Nell’autunno del 1981 Joe Jackson ha 27 anni, è convinto che il rock sia morto e che Londra sia una città grigia e inospitale. Ha provato a dare un senso a una musica che gli sembra agonizzante innestando robuste dosi di dub giamaicano in Beat Crazy (un mezzo flop commerciale); si è divertito con lo swing revival in giacca e cravatta di Jumpin’ Jive, ma ora è a un bivio: gli anni esaltanti del debutto discografico e del rock reggae scattante di Look Sharp! e I’m The Man gli sembrano già lontanissimi.

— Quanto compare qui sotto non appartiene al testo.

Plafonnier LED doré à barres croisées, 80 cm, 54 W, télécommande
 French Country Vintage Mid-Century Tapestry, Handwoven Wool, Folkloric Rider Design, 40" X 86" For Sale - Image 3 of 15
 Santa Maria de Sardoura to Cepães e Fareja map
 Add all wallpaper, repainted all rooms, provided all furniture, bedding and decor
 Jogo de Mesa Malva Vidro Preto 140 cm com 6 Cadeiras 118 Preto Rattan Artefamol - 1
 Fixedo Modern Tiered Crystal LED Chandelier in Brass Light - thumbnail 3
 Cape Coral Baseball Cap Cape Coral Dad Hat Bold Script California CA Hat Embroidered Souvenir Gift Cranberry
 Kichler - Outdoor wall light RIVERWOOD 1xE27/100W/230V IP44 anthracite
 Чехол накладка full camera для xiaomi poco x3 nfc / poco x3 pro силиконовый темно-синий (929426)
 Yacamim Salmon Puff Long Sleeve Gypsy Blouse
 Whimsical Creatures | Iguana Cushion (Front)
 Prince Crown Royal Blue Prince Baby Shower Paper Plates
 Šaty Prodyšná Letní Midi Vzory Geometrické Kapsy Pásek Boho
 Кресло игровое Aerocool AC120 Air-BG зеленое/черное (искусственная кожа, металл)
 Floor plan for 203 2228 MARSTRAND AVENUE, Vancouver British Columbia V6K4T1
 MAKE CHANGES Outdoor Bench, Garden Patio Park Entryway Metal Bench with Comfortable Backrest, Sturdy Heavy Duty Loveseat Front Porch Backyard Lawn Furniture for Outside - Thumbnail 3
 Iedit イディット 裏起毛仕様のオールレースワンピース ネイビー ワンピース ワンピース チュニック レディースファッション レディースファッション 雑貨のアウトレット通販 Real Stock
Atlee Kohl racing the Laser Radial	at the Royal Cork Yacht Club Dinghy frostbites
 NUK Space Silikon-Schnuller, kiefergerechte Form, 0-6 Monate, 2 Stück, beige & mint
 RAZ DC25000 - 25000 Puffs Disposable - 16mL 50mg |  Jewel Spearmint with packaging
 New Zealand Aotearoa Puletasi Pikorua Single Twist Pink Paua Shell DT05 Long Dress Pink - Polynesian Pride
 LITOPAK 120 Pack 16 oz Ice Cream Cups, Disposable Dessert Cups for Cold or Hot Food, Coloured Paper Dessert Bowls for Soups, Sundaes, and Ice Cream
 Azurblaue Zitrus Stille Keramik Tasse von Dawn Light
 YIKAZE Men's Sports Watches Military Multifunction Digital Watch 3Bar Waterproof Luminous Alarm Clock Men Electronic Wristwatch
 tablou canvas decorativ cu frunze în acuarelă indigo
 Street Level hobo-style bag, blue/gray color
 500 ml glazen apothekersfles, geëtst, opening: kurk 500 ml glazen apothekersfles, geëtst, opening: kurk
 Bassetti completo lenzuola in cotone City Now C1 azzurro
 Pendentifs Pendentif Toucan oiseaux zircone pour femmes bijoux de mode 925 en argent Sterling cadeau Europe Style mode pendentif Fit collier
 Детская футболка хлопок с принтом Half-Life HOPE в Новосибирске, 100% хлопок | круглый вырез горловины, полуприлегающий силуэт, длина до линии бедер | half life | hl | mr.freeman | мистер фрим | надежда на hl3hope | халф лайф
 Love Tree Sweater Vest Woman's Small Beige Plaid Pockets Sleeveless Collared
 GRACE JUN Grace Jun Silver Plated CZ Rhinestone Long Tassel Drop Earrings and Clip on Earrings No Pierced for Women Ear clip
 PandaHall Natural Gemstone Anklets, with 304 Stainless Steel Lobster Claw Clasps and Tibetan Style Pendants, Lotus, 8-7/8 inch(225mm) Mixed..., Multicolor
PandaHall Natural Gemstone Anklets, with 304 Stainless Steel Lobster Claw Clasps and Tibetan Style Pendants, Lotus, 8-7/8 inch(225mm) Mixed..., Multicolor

Le prime impressioni sugli Stati Uniti non sono proprio incoraggianti («La mia sensazione è che il rock fan medio americano sia mentalmente ritardato») ma il quartiere bohémienne e anche pericoloso dell’East Village newyorkese è il luogo in cui decide di appendere il cappello. È una rivelazione, un’epifanìa. Le notti trascorse nei club ad ascoltare jazz e la salsa di Ray Barreto ed Eddie Palmieri; le discoteche in cui si incrocia una fauna umana pittoresca e dalla sessualità indefinibile, gli aprono la testa e le frontiere dell’ispirazione musicale. Decide che il prossimo album, Night And Day, non sarà un disco su New York ma sicuramente ispirato da New York.

Bandite le chitarre, lo spazio sonoro viene occupato soprattutto dalle tastiere (organo e piano elettrico, sintetizzatore Prophet e Minimoog) e dalla sezione ritmica: della vecchia band resta solo l’imprescindibile Graham Maby con il suo basso fluido e guizzante, il batterista Larry Tolfree ha già partecipato alle sedute di incisione e al tour di Jumpin’ Jive mentre la nuova arrivata, Sue Hadjopoulos, è una forza della natura che ha studiato flauto classico, si è laureata con lode in antropologia alla Columbia University ed è diventata un asso delle congas, dei bongos e dei timbales suonando per un paio d’anni nei Latin Fever, una band salsa di 14 ragazze prodotta dal pianista latin jazz Larry Harlow. Quando l’Lp arriverà sugli scaffali nel giugno del 1982, la copertina lancerà un chiaro messaggio: con pochi tratti essenziali Jackson è disegnato come un novello Cole Porter (il titolo del disco è un omaggio a uno dei suoi standard più famosi) davanti agli spartiti e a un pianoforte a coda, con lo sfondo notturno dell’Empire, del Chrysler e degli altri grattacieli illuminati della Grande Mela. Nella parte interna della busta apribile, una foto ritrae i 4 musicisti in 1 stipatissimo studio, circondati dai loro strumenti (compresi due xylofoni e un sax alto suonato da Joe) e da amplificatori Fender: su 1 di essi poggia una copia del Super Hits di Marvin Gaye. Di fianco, dopo i testi delle canzoni, è riportata una frase di Duke Ellington che, malgrado tutto, si dichiara ottimista sul futuro della musica.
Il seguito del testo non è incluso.